**Task details**
Would you please write out each of the entries below exactly, omitting pictures?

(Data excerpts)
....
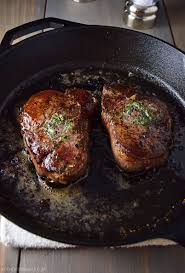 Pan Seared Filet Mignon Recipe Recipe Filet Mignon Recipes Recipes Herb Butter Recipe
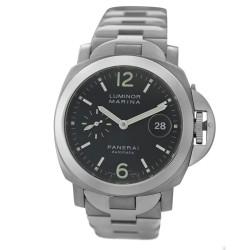 Pre-owned Panerai Luminor Marina Automatic Black Dial Men's Watch PAM00165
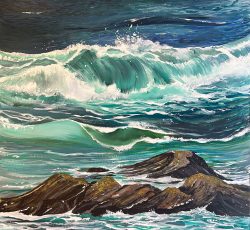 Welsh seascape art - "Everlasting"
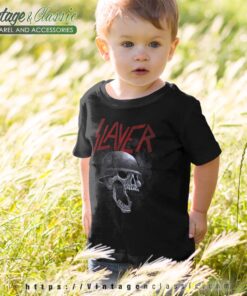 Slayer Tshirt War Skull Helmet T shirt Kid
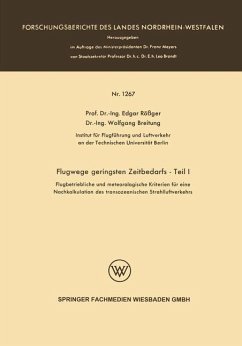 Cover Flugwege geringsten Zeitbedarfs - Teil I (eBook, PDF)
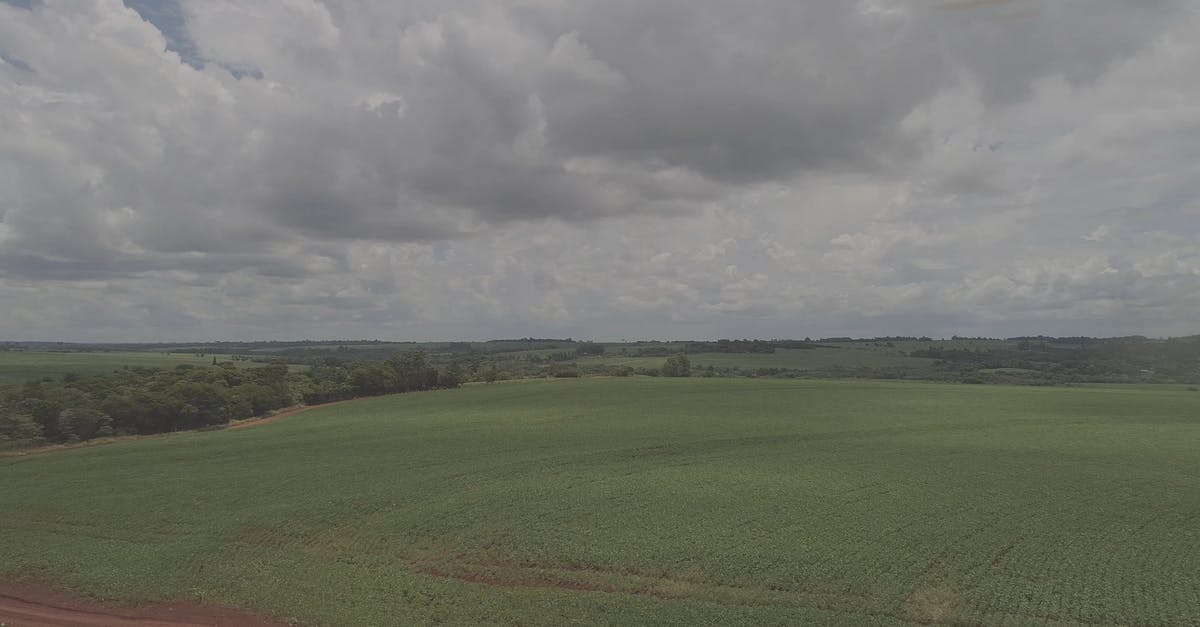 1874727|航拍农场绿色草坪4KCC0视频素材插图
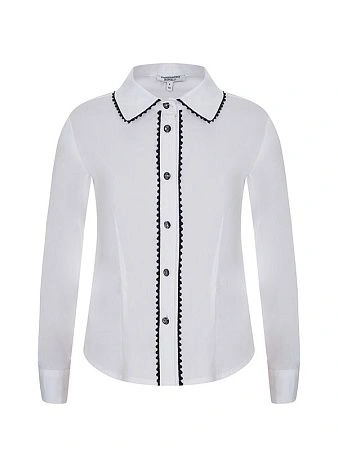 Alessandro Borelli Блузка с контрастным кружевом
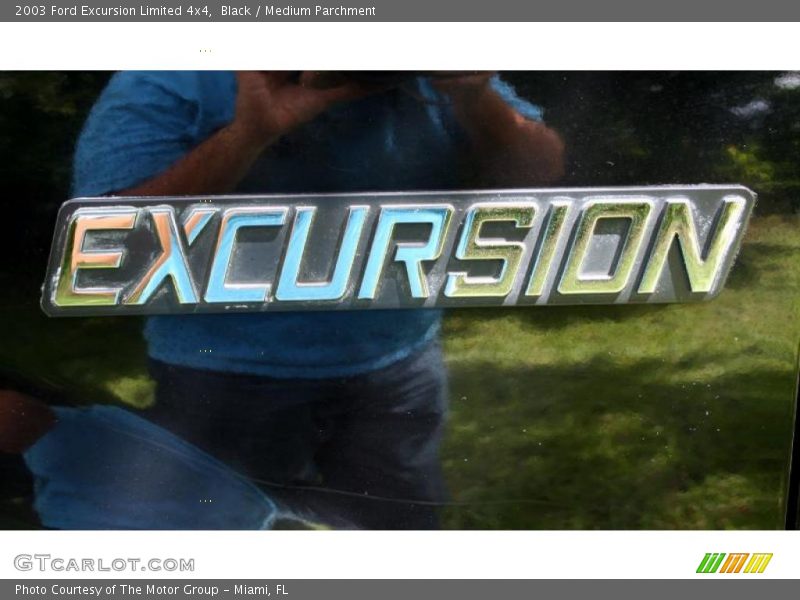 Black / Medium Parchment 2003 Ford Excursion Limited 4x4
....
**Problem solution**
 Pan Seared Filet Mignon Recipe Recipe Filet Mignon Recipes Recipes Herb Butter Recipe
 Pre-owned Panerai Luminor Marina Automatic Black Dial Men's Watch PAM00165
 Welsh seascape art - "Everlasting"
 Slayer Tshirt War Skull Helmet T shirt Kid
 Cover Flugwege geringsten Zeitbedarfs - Teil I (eBook, PDF)
 1874727|航拍农场绿色草坪4KCC0视频素材插图
 Alessandro Borelli Блузка с контрастным кружевом
 Black / Medium Parchment 2003 Ford Excursion Limited 4x4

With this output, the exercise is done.